Abstract
Introduction and aims. Molecular monitoring of minimal residual disease has provided an independent and prognostically significant parameter in evaluating outcome in adult and childhood acute lymphoblastic leukaemia (ALL). The aim of our study was to assess the impact of MRD measured in bone marrow samples collected at time of harvest or prior to harvest in adult B cell receiving autologous stem cell transplant and correlate MRD with overall clinical outcome.
Patients and Methodology. Patients were selected as de novo adult ALL of B cells. All patients were negative for the t(9;22) or (4;11) and had received chemotherapy followed by an autologous SCT (A-SCT). All patients had at least one molecular marker which was tested by quantitative or semi-quantitative PCR with sensitivity ≥1E4. End points were either clinical relapse or CCR with follow up ≥12 months except for two patients who died in CR following transplant, due to infections. Time point for molecular evaluation was a test preceding A-SCT or harvested BM. Nineteen patients were evaluable prior to/or at time of harvest. Nine were females and nine were males. Median age was 25.2 yrs (range: 15.2–52 yrs), total WCC was 7.1 (range: 2.3–68.9×109/l) at time of diagnosis with common ALL (14 pts) as the predominant phenotype. Patients received an A-SCT at a median period of 6 months from diagnosis (range: 5–18 months). Eight patients relapsed (median period to relapse: 22 mo; range: 8–35 mo) and 8 were in continuous clinical remission (CCR) (median follow up 33 mo; range: 8–139 mo). Median interval between Auto-SCT and relapse was 13.7 mo (range: 3–29 mo).

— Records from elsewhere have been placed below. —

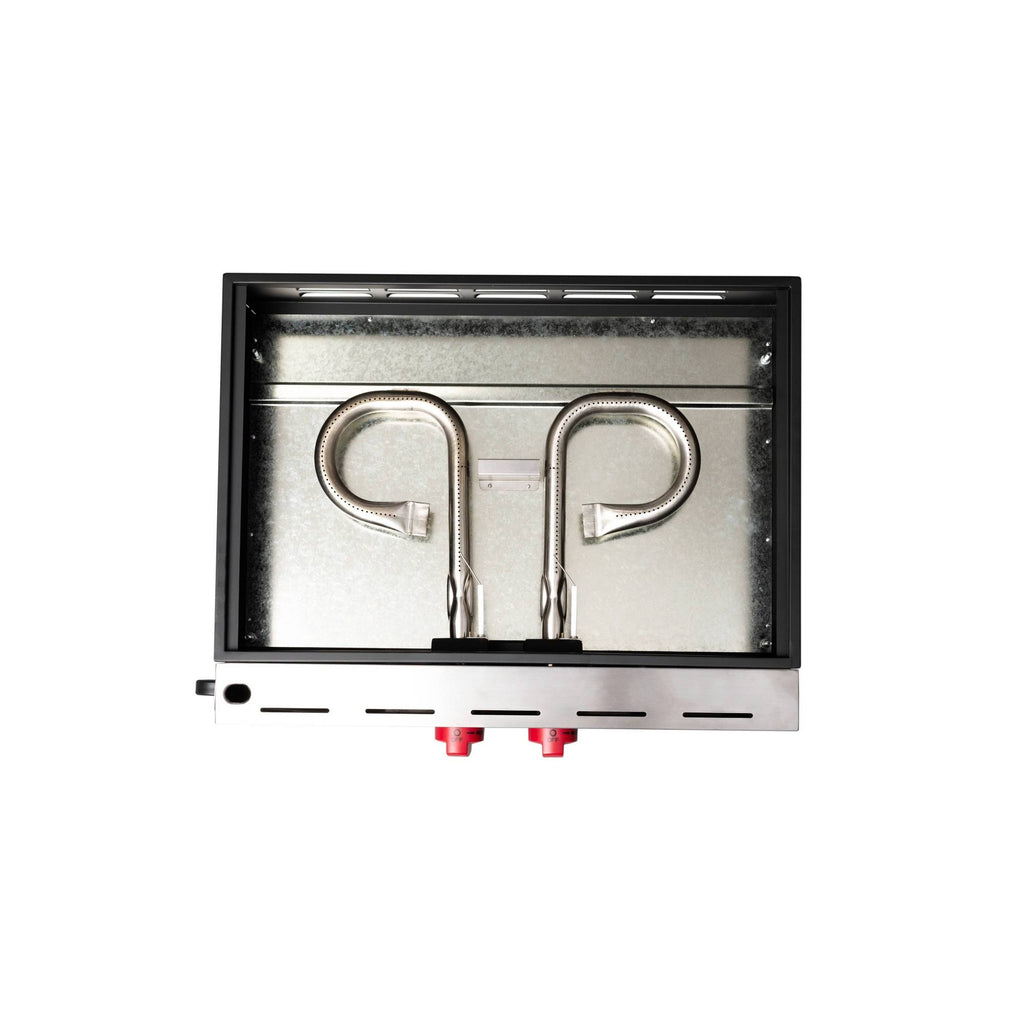 2x Flat Top Grill N741597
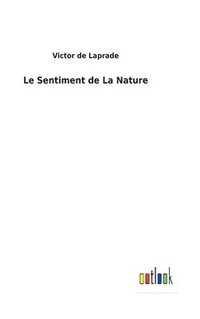 bokomslag Sentiment de La Nature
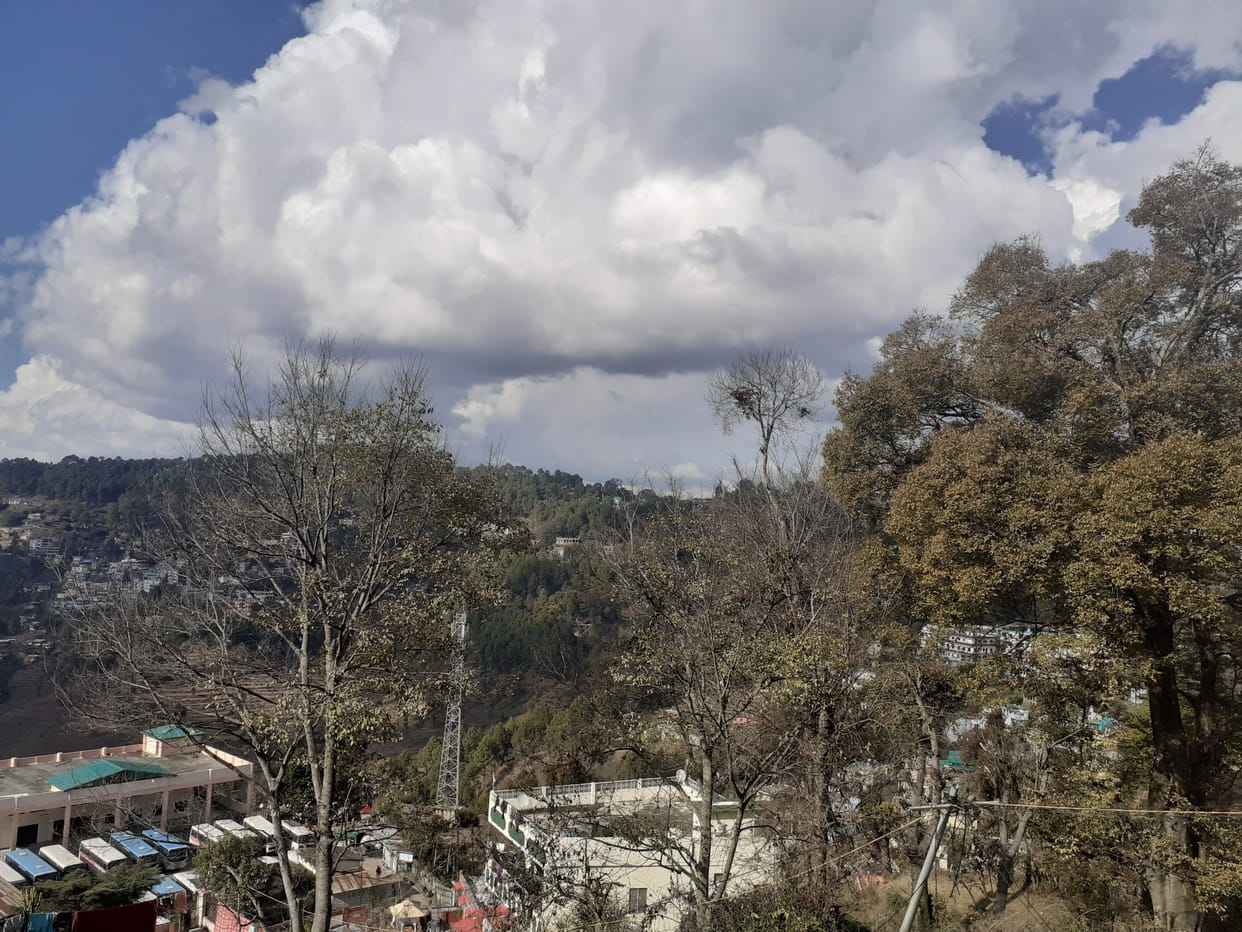 Weather in Almora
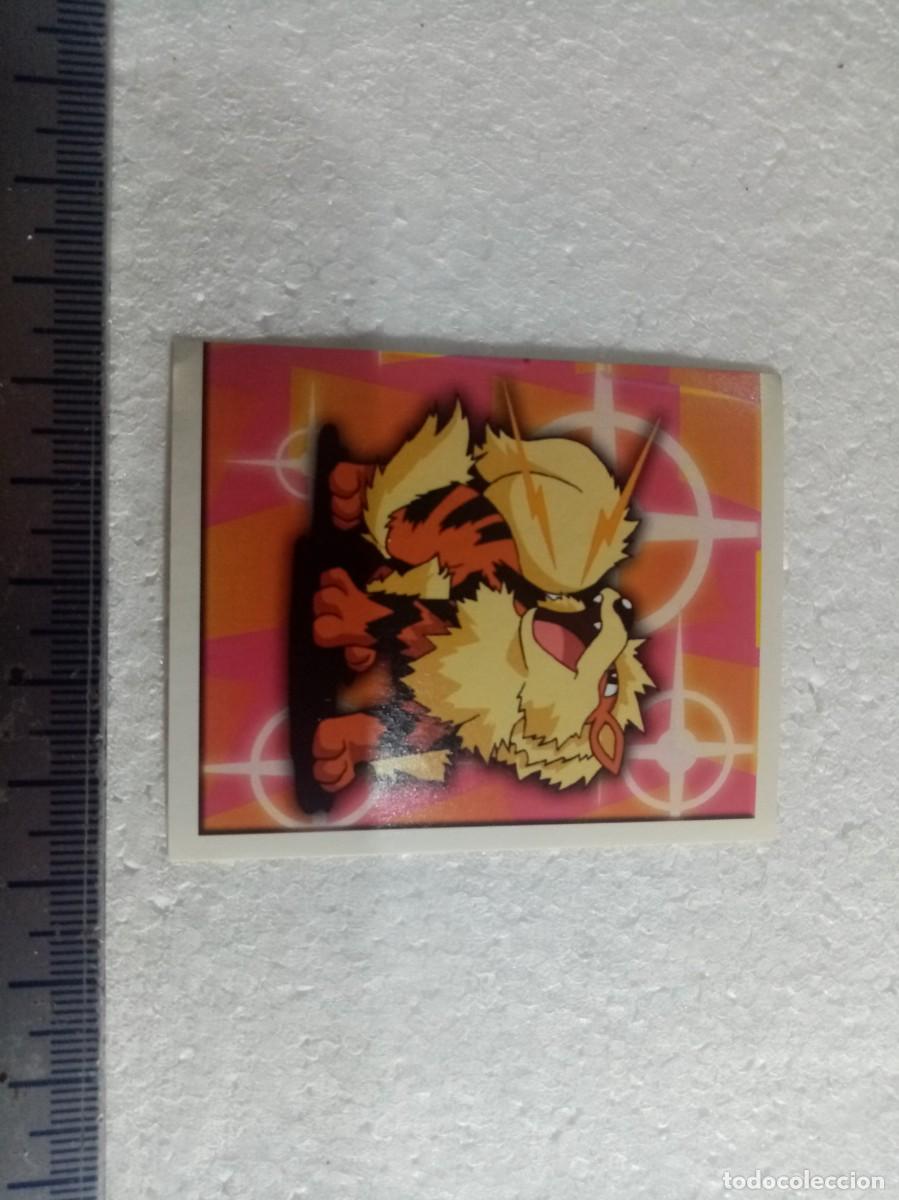 Trading cards: CROMO - PEGATINA POKEMON 1999 -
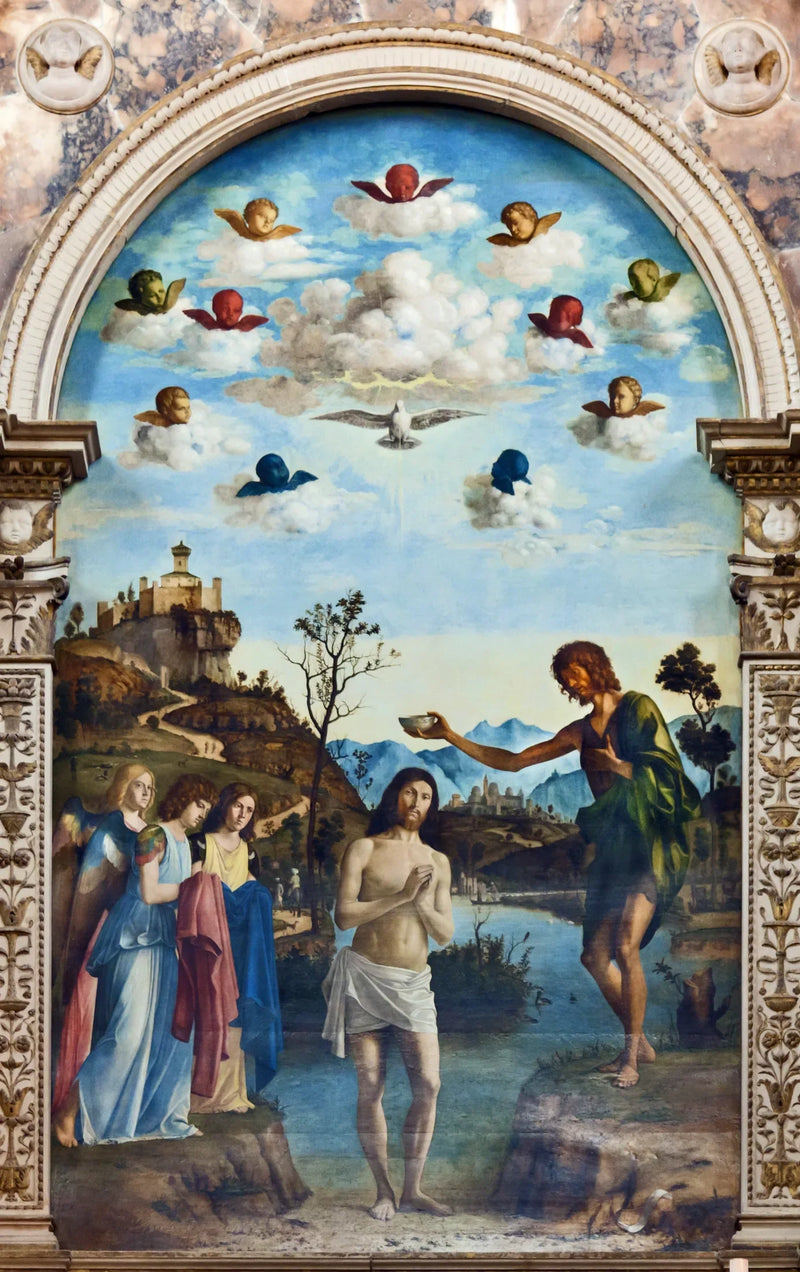 Dåpen av Kristus - Cima da Conegliano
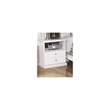 Signature Design by Ashley Bostwick Shoals 1 Drawer Wood Nightstand in White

Results. In seven patients residual disease was demonstrated in the BM prior to A-SCT and 6 of them relapsed. In 12 patients no residual disease was detected at time of harvest or prior to transplant and 10 are at present in CCR. The association between MRD positivity and relapse and MRD negativity and CCR was statistically significant in this cohort of patients (p=0.002)(Figure 1).
Conclusions. Molecular monitoring of MRD can provide a useful tool for the monitoring of residual disease in BM harvest prior to SCT and correlates with outcome. It is therefore important that all BM harvests are tested for residual disease in future clinical trial that may use MRD for patients’ stratification.